ラブリートも自分が使えればよかったのだがと困った表情をしている。
「ではご納得いただけたと言う事で宜しいですね?」
「全然宜しくないわ!」
司祭が二人の様子を見て笑顔でそう言うと、突然部屋の扉が勢い良く開かれた。
そこには白を基調とした神聖な服に身を包む艶のある白銀の長い髪を持つ美女が立っていた。

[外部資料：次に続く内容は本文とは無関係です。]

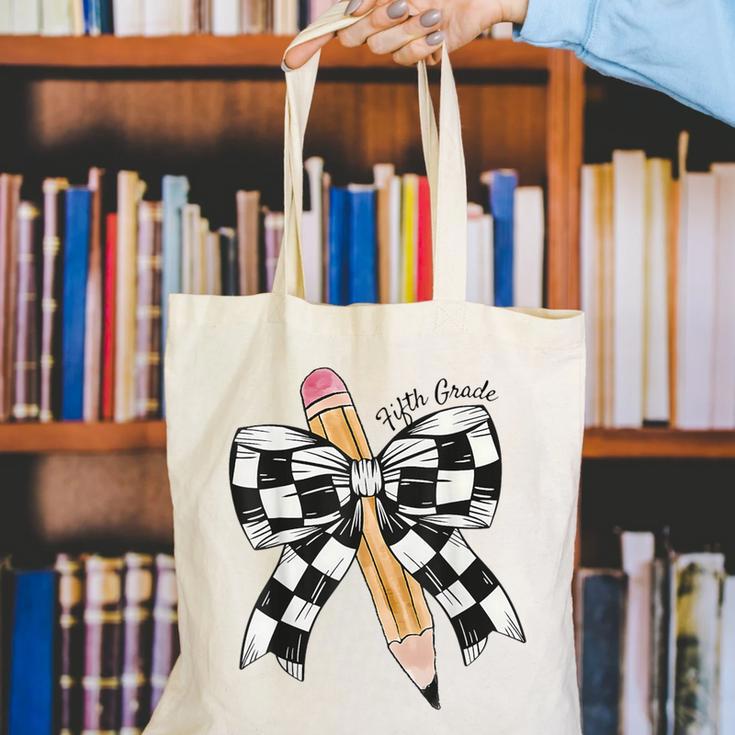 Back To School Hello Fifth Grade Teacher Coquette Pencil Bow Canvas Tote Bag, funny gift Back To School Hello Fifth Grade Teacher Coquette Pencil Bow Canvas Tote Bag, funny gift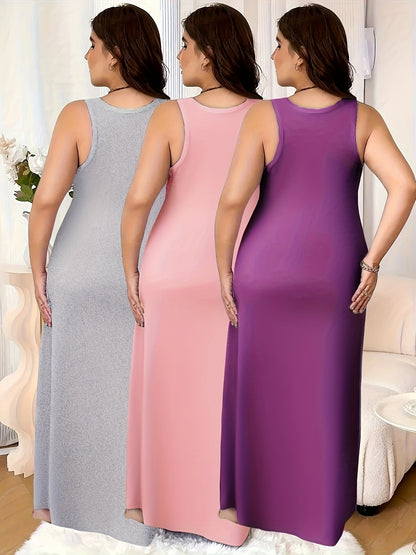 3pcs Set Of Women's Plus Size Sleeveless Vest Sleep Dress Evening Gown No Print Solid Color Simple Style Casual Version Very Comfortable Home Clothing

「なっ!?グランキエーゼ殿、勝手に出歩かれては困ります!」
ユテラが慌てた様に立ち上がる。
この美女はグランキエーゼと言う名前らしい。
「見過ごせない言葉が聞こえたのよ!黙ってはいられないわ!」
グランキエーゼが仁王立ちしてその整った顔でユテラに鋭い視線を向けている。
「ユテラ司祭、大金貨10枚とはどう言う事かしら?」
「…これは我が教会では正当な値段です。」
少し罰が悪いのかユテラの声が小さくなる。
「話しにならないわね。大司祭様のお耳に入れば貴方は司祭の座を落とされるわよ?私腹を肥やす為に教会が存在する訳では無いの。」
「…。」
話しの流れから同じ教会関係者なのだろう。
そのグランキエーゼから見ても大金貨10枚と言うのは高い治療費らしい。
「まさか大司祭様の目が届かない別の国だからってこんな事をする司祭がいるとは思わなかったわ。視察に来た甲斐があったってものよね。これだと他の教会も巡る必要がありそうだわ。」
「ですが神聖魔法の使い手が少ないのも事実です。相応の献金を貰うのは当然かと思いますがね。実際にこの奴隷の治療は私でなければ出来ません。それともグランキエーゼ殿が治療されますかな?」
「それは…。」
ユテラが言い返すとグランキエーゼは言葉に詰まる。
それを見て我が意を得たとばかりに続ける。
「これで分かったでしょう?貴重な神聖魔法の使い手には相応の報酬が当然なのです。神聖魔法に高い適性を持つ
「ぐぬぅ。…い、いいわ、やってやろうじゃないの!この子は私が治療するわ!」
エレノラの方を向いてグランキエーゼが宣言する。
「聞き間違いですかな?貴方がこの奴隷を治すと?」
「そうよ!私が完璧に治してあげるわよ!」
グランキエーゼがユテラを睨みながら言う。
暴利な治療代を請求しての治療なんてさせないとその表情が物語っている。
「それは面白いですね。では今日中に治して差し上げてください。もしも出来無いなんて事になれば私を頼って下されば直ぐにでも治しますよ。ですがその時は私の経営方針に口出しはしないでいただきたいですけれどね。それでは失礼。」
ユテラは笑いながら部屋を後にした。